Like Picconi, Russell also joined the ministry after high school. She joined the joined the Sisters of Loretto, a Catholic women’s community in Nerinx, Ky., for 13 months, though she didn’t take her final vows. Growing up during the Civil Rights era, Russell said she was inspired by the bravery of black Americans as they fought racial discrimination.
“I always knew I wanted to save the world,” she said.
But back then, career paths for women were limited, she said. She couldn’t stomach becoming a nurse and didn’t think teaching would suit her. After she left the ministry, she married, had a daughter and became a social worker. She retired after 25 years because she was “tired of putting Band-Aids on problems.”
She recalled going to church with her husband when she was in her 20s. The couple often grumbled about the sermons during the car ride home.
One Sunday morning, Russell said she was stunned by the priest’s message: If you don’t believe every word the church says, go home. She left for three years.
But she says God “expects you to go back to your roots” and Russell returned to the Catholic church. She had “an adult conversion” in her early 30s. She described that moment as a door opening and God’s love instantly encompassing her.
“I just fell in love with God’s people — all kinds of people,” she said.
‘WE CAN’T WAIT’
Since moving to Palm Coast nearly three years ago, Picconi and Russell have attended St. Thomas Episcopal Church, which they say has supported their calling. Seeking the priesthood was a hard decision, they say, partly because they feel the church leaders and some of the members that they grew up with will reject them. But Russell says she fears only “the awesomeness of the responsibility.”

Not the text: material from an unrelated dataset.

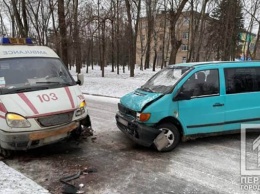 В Кривом Роге минивэн протаранил «скорую», которая везла пациента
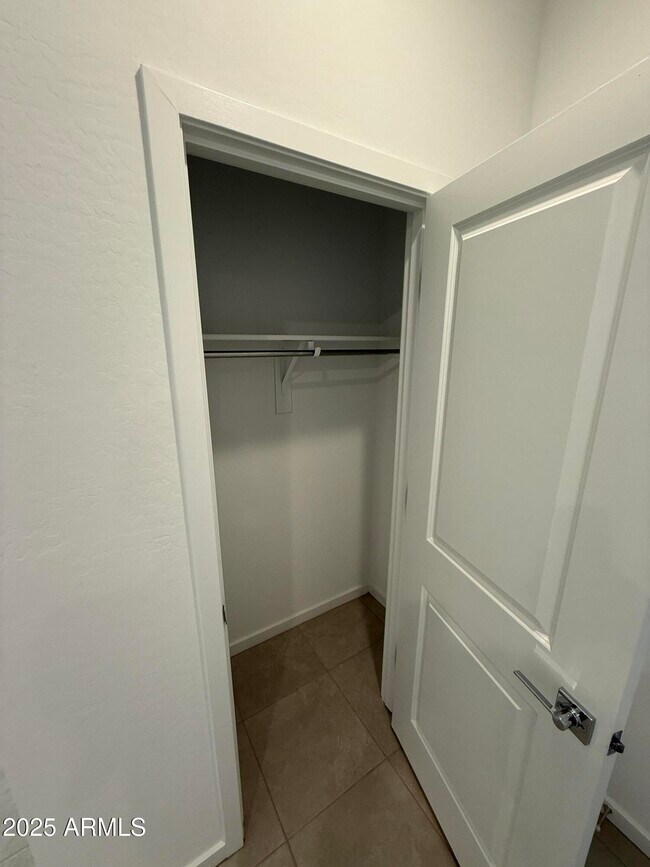 Building Photo - 7433 E Cozy Cottage Ln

Even their own friends and family members have resisted their decision. Russell’s mother and sister told her they still love her, but won’t attend the ordination because they don’t understand it and won’t support it, she said.
Afterward, they plan to celebrate mass in their home with a small group of other believers. They envision a collegial relationship with the rest of the congregation. People will take turns giving meaningful sermons — a far cry from the “dead rituals” Russell said she experienced in some churches.
“God is present where two or more people are gathering in Jesus’ name,” she said.
Most of all, the two women say they dream of an affirming environment where all people, even those of other religious backgrounds, can worship together.
Though their path hasn’t been easy, the two women say it must be done.
“We have to do it now,” Picconi said. “We can’t wait for the next generation.”
“If we wait for Rome to change, it probably would never happen,” Russell added.
If you go
WHAT: Ordination of Miriam Picconi and Wanda Russell to the Association of Roman Catholic Women Priests
WHEN: 2 p.m. Saturday
WHERE: Unitarian Universalist Society, Ormond Beach, 56 N. Halifax Drive, Ormond Beach.